:: TASK TO COMPLETE ::
Restate each of the lines below word for word and drop every picture.

:: SOURCE MATERIAL ::
- - -
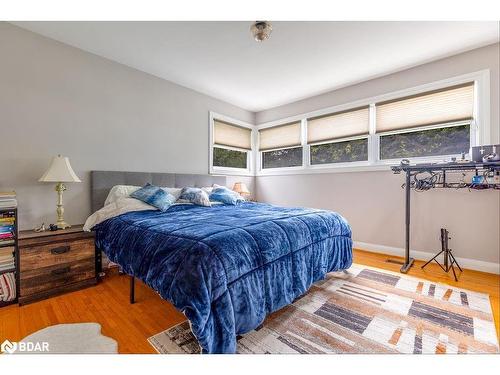 325 Innisfil Street, Barrie, ON - Indoor Photo Showing Bedroom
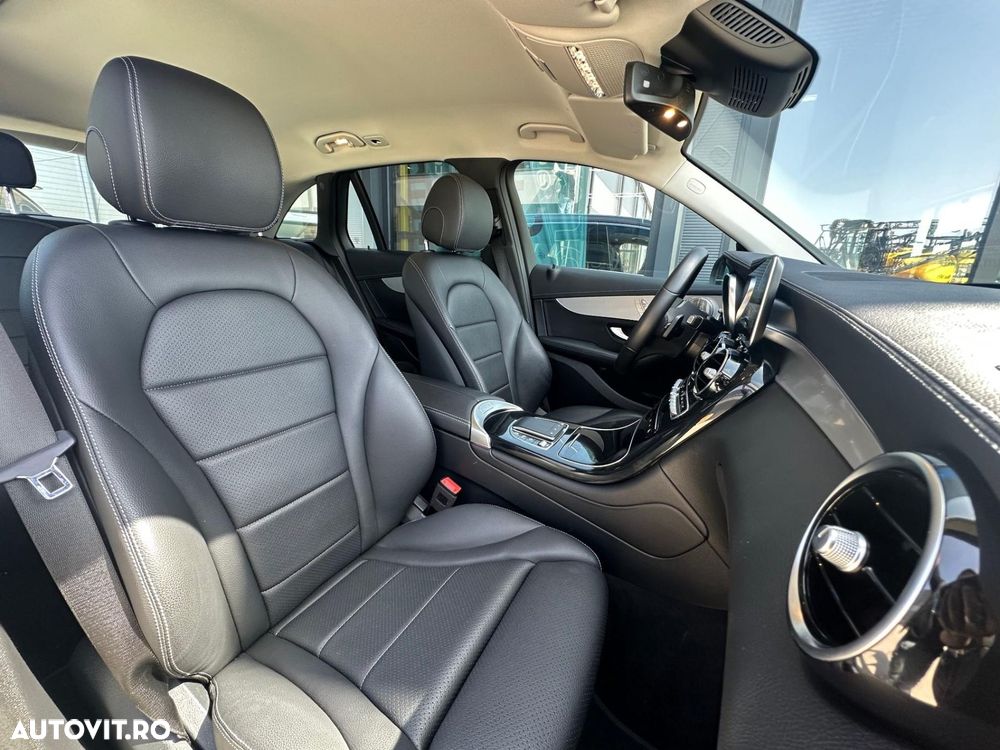 Mercedes-Benz GLC - 30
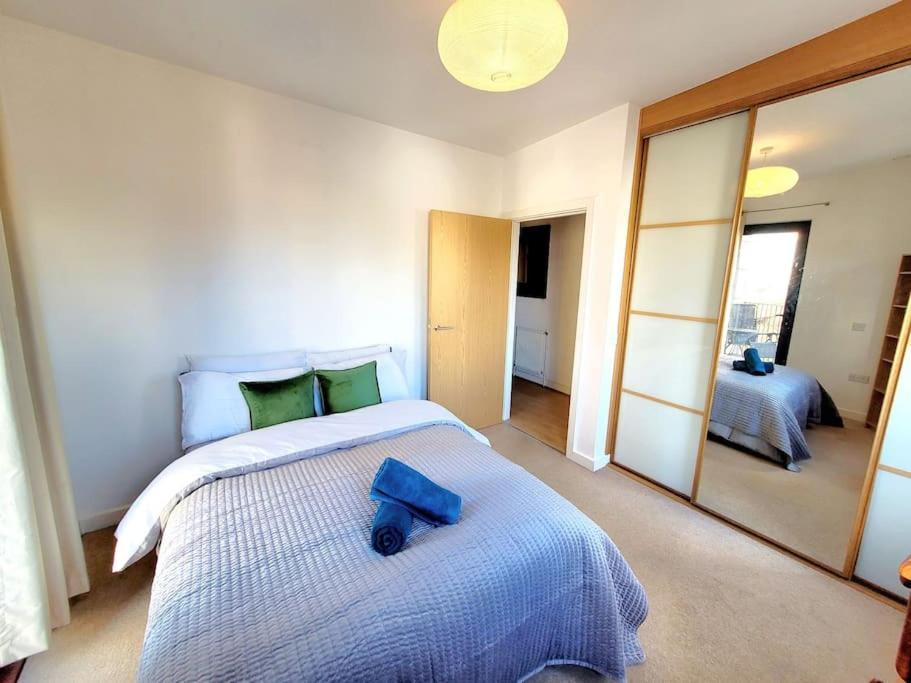 Battersea Power Station Suite Londra Esterno foto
- - -
:: SOLVED EXERCISE ::
 325 Innisfil Street, Barrie, ON - Indoor Photo Showing Bedroom
 Mercedes-Benz GLC - 30
 Battersea Power Station Suite Londra Esterno foto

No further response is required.